Managing data quality, utility operations, and the growing role of AI were central themes in my recent conversation with SAPinsider community member Atul Joshi. During our discussion, Atul offered practical, real‑world examples from utility companies navigating the transition from traditional processes to modern, data‑driven operations.
Atul’s perspective underscores a broader trend we continue to see among SAP customers. Organizations want AI, automation, and modernization but are still working to clarify
what they want these technologies to achieve and
how they will support long‑term operational outcomes.
The Foundation: Data Quality Still Determines Everything
Atul emphasized that a ‘clean core’ strategy - starting with clean, complete master data is the foundation for every modernization initiative. As energy organizations modernize data models, collection, and management must reflect real‑world operational complexity. For example, he highlighted how customer data requirements must include fields that separate commercial from residential customers – allowing a representative to differentiate between a residential customer that requires a phone number and email address and commercial entities where additional information fields are important ((such as business type, tax identification, load profile category Field requirements may also differ by communication patterns. Atul shares that he’s seen clients missing even basic data.
Data management in the energy industry can also face challenging operational realities from the field. Meter readers depend on precise location data, such as latitude and longitude, to access meters safely and efficiently. He’s seen situations where energy organizations face obstacles like fencing or even dogs, which can make it challenging to get the data needed. He notes that before organizations start testing AI use cases, an essential element is data which includes timely and reliable collection, as well as structure.
But Atul’s point extends beyond basic completeness to architectural flexibility. By leveraging SAP BTP as an extension layer, utilities can capture field-specific data—like GPS coordinates for meters or 'restricted access' notes—without cluttering the S/4HANA core. This side-by-side extensibility ensures the core remains standard while the business logic adapts to field reality
AI in Utilities: Big Aspirations and Building Expectations
Before implementing AI, utilities must understand not only the desired outcomes but also the data inputs, governance requirements, and operational implications. When it comes to AI, Atul noted there is strong enthusiasm across utility companies. A lot of conversation in the media is around the electrical grids needed to support AI. But there is more to the story, many utilities are already exploring tools like SAP Joule and the AI foundation on SAP BTP. Atul specifically noted that the next evolution involves deploying
Joule as an autonomous agent. This isn't just about a chatbot; it's about an agent capable of navigating complex utility business objects on BTP to automate service reconnections or billing adjustments without manual intervention. Yet, as he observed, leaders often begin with the desire to “do AI” without defining what outcomes they expect. Atul put it succinctly:
“Everyone wants AI, but what they want
from AI—nobody knows.”
This gap between aspiration and clarity is one of the most important challenges he sees across the industry. Companies view AI as a transformative force but often conflate it with chatbots or simple query‑response tools. As he noted, AI is not merely a conversational interface, it is an analytical engine that depends entirely on the quality, completeness, and structure of the data it is fed.
Atul goes on to explain that AI’s value is determined by the data you provide bad data leads to bad insights, regardless of the sophistication of the model. This reality is particularly significant in the utility sector, where customer information, usage data, location intelligence, and compliance records all carry regulatory and operational implications. Utility companies cannot afford unreliable predictions or incorrect recommendations.

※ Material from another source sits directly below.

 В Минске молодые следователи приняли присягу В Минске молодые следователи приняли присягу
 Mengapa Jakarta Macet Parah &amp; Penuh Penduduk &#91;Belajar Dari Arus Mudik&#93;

Another theme Atul raised is data sensitivity. Utilities hold extensive customer information, and many organizations are understandably cautious about what they share with AI systems. He described this as being “conscious” rather than fearful which reflects a growing maturity across industries and countries about the importance of data governance in AI‑enabled environments.
Listen to a clip from our interview here:
What This Means for SAPinsiders
For SAPinsider members, Atul’s insights reinforce several core imperatives:
Data Governance Must Match Operational Reality: From customer master data to field service notes, utilities must align data policies with real‑world workflows. Misalignment creates gaps that become barriers to automation and AI.
AI Readiness Starts with Clear Use Cases: Before deploying tools like SAP Joule or training models, organizations need documented, prioritized scenarios where AI can directly impact safety, accuracy, cost, or customer experience.
Sensitive Data Requires Thoughtful Guardrails: Utilities’ concerns about data sharing reflect the importance of clearly defining governance around AI within the organization.
Community Knowledge is a Strategic Asset: Atul’s frontline examples show the value of shared lived experience in developing practical approaches to digital transformation and AI adoption.